# FSC CarPlay Code?



## sbabcock23 (Jun 3, 2017)

Hello Everyone,

I am just getting into coding, etc. and I am a bit confused when it comes to the FSC codes to enable core features such as apps, CarPlay, etc. It appears that there is lots of info about generating map codes. My question is, can I generate a FSC code for CarPlay (I have a 2017 X3) or do I need to purchase it. I have the technology package and see that I can purchase CarPlay via the ConnectDrive portal but I am wondering if its possible to generate and load the code myself.

Or is there a 3rd party that can do this for me?

Thanks!


----------



## Almaretto (Nov 17, 2015)

There are no publicly available means to generate FSC codes for ID5 (including Carplay & maps). 

Whether you can do it yourself is a matter of individual skills.

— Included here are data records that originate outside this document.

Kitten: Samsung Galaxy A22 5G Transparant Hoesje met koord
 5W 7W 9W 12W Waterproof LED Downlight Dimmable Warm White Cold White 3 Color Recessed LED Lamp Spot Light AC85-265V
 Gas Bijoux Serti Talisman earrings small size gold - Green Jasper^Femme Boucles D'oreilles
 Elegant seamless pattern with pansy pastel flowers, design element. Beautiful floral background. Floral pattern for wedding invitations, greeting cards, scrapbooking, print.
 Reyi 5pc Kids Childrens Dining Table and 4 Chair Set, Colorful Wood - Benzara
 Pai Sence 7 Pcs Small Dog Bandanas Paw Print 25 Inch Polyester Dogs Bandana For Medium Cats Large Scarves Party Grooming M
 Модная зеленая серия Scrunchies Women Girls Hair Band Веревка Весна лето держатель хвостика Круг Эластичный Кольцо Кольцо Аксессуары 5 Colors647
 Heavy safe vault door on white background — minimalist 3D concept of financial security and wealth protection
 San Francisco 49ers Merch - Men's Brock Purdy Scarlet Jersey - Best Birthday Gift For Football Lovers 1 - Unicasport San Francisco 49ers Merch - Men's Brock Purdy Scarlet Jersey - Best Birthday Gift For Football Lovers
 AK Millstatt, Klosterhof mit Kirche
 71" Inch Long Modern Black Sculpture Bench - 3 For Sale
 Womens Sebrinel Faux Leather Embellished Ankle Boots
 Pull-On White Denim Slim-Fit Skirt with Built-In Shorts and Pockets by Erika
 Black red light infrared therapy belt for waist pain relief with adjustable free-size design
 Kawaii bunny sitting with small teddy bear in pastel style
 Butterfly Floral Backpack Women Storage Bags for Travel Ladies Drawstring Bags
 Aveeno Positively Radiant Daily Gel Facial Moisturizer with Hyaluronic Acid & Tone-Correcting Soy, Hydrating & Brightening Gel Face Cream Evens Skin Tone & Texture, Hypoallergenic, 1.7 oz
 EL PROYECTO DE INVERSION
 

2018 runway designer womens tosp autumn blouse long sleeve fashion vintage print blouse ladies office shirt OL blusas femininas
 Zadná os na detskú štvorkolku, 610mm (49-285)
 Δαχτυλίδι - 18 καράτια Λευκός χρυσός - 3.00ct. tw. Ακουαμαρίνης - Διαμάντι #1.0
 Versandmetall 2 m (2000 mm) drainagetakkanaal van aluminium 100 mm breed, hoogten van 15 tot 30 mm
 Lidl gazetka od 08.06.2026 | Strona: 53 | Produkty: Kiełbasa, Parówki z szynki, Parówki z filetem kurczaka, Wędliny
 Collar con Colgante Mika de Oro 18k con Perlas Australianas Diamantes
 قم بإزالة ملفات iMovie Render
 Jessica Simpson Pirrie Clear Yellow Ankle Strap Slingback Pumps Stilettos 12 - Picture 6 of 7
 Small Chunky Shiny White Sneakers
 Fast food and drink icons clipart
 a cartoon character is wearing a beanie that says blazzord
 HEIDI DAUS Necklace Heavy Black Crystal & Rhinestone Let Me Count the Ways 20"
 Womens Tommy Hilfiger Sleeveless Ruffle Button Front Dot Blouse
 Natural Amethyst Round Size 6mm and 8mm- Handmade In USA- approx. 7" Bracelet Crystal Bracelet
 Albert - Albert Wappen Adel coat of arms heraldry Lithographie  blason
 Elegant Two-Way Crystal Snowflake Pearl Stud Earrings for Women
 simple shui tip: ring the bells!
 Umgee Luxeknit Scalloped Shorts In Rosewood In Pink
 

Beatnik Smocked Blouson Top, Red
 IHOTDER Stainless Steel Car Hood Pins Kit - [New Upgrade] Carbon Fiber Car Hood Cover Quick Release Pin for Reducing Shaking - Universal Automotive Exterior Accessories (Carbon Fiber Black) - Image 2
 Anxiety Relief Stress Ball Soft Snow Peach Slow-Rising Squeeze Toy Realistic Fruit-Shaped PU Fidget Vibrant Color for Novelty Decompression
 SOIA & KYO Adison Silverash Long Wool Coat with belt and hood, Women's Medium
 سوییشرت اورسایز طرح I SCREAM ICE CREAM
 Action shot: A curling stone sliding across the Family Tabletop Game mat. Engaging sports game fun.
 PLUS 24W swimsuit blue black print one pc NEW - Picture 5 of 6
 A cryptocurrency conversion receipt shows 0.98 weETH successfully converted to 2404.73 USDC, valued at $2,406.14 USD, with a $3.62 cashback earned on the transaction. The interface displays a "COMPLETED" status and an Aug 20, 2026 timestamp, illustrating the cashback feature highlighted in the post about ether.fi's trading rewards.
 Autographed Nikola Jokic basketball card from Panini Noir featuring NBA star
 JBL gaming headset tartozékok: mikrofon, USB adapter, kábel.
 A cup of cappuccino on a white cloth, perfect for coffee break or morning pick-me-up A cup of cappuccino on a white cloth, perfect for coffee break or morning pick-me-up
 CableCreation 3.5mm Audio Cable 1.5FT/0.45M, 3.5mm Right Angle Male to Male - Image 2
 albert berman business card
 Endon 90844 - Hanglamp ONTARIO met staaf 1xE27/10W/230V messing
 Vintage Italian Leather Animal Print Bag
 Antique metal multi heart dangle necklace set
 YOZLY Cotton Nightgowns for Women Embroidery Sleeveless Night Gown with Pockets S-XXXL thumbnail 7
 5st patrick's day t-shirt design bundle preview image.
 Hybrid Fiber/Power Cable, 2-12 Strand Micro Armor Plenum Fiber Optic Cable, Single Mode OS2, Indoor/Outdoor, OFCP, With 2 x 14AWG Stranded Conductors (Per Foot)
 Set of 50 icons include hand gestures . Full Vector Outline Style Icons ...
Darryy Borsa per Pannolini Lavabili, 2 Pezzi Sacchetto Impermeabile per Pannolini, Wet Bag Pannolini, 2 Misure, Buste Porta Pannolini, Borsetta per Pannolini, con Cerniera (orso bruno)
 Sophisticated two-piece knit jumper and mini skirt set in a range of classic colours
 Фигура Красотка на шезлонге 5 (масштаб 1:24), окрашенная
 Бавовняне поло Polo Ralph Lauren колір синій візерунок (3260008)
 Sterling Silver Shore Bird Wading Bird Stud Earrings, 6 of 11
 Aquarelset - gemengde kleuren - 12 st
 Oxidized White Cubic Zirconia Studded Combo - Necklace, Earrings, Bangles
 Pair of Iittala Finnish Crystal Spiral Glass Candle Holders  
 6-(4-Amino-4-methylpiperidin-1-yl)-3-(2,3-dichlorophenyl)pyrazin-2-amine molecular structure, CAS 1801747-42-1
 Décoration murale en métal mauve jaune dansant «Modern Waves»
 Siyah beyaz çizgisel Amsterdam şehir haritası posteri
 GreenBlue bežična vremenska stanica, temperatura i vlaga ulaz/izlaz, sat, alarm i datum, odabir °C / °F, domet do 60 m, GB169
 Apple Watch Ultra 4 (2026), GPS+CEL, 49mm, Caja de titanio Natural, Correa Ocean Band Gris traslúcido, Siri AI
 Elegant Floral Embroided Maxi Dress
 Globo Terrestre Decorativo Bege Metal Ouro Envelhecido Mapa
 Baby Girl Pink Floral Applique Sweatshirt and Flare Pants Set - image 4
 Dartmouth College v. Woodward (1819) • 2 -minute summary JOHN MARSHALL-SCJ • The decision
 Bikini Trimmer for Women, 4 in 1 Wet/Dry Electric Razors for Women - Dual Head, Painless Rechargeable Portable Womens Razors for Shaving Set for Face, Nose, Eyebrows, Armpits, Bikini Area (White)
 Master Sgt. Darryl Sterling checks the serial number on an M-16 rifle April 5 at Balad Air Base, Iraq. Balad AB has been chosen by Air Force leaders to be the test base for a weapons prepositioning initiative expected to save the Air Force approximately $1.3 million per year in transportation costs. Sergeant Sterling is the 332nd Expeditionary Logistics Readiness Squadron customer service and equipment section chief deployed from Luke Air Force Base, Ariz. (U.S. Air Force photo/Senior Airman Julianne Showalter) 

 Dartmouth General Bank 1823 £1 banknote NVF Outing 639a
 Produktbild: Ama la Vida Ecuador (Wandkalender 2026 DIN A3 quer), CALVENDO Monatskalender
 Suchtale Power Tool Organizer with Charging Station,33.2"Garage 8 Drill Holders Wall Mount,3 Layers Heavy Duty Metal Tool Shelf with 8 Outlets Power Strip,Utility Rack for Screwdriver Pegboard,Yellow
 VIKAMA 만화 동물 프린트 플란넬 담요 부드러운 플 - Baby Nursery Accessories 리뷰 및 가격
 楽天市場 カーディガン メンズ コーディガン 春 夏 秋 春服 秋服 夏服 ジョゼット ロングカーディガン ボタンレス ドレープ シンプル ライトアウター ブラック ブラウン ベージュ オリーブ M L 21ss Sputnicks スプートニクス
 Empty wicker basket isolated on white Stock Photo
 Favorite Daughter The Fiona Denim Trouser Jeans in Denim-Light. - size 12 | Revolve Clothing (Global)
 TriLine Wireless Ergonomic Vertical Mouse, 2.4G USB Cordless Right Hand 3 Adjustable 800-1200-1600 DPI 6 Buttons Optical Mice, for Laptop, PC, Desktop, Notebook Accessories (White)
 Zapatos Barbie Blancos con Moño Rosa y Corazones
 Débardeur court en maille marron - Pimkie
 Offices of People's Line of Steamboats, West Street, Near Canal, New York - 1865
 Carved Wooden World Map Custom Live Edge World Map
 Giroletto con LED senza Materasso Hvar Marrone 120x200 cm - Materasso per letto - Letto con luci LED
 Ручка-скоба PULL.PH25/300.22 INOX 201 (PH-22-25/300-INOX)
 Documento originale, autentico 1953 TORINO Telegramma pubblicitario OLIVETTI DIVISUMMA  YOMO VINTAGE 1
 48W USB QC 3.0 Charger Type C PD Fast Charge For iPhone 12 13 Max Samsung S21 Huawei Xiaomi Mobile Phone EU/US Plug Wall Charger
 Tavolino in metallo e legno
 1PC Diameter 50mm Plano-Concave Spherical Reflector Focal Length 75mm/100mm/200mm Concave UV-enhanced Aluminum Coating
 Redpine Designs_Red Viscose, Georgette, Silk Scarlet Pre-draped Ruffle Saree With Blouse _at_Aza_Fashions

Yes, there are third party options.


----------



## sbabcock23 (Jun 3, 2017)

Ok thank you. Are there any recommendations of trusted 3rd parties?


----------



## Almaretto (Nov 17, 2015)

sbabcock23 said:


> Ok thank you. Are there any recommendations of trusted 3rd parties?


PM sent


----------



## shawnsheridan (Jan 10, 2009)

You can add an OEM 9C BMW Apps FSC Code to your Head Unit, but you cannot just add a 143 CarPlay FSC Code as BMW AG does not offer it, at least not yet. The only way you can have a 143 CarPlay FSC Code is to replace your entire set of FSC Codes in Head Unit with a non-OEM set, which requires Head Unit Patching.


----------



## Tony87 (Oct 18, 2021)

shawnsheridan said:


> You can add an OEM 9C BMW Apps FSC Code to your Head Unit, but you cannot just add a 143 CarPlay FSC Code as BMW AG does not offer it, at least not yet. The only way you can have a 143 CarPlay FSC Code is to replace your entire set of FSC Codes in Head Unit with a non-OEM set, which requires Head Unit Patching.


Hi shawn ! It’s the same procedure with e-sys for that?


----------



## shawnsheridan (Jan 10, 2009)

Tony87 said:


> Hi shawn ! It’s the same procedure with e-sys for that?


FSC Import with E-Sys is same for any OEM FSC CODE.


----------



## Tony87 (Oct 18, 2021)

shawnsheridan said:


> FSC Import with E-Sys is same for any OEM FSC CODE.


Ok ! But for 143 its necessary to erase All FSC ?


----------



## shawnsheridan (Jan 10, 2009)

Tony87 said:


> Ok ! But for 143 its necessary to erase All FSC ?


If its OEM 143 FSC Code, with same VIN as car, no.


----------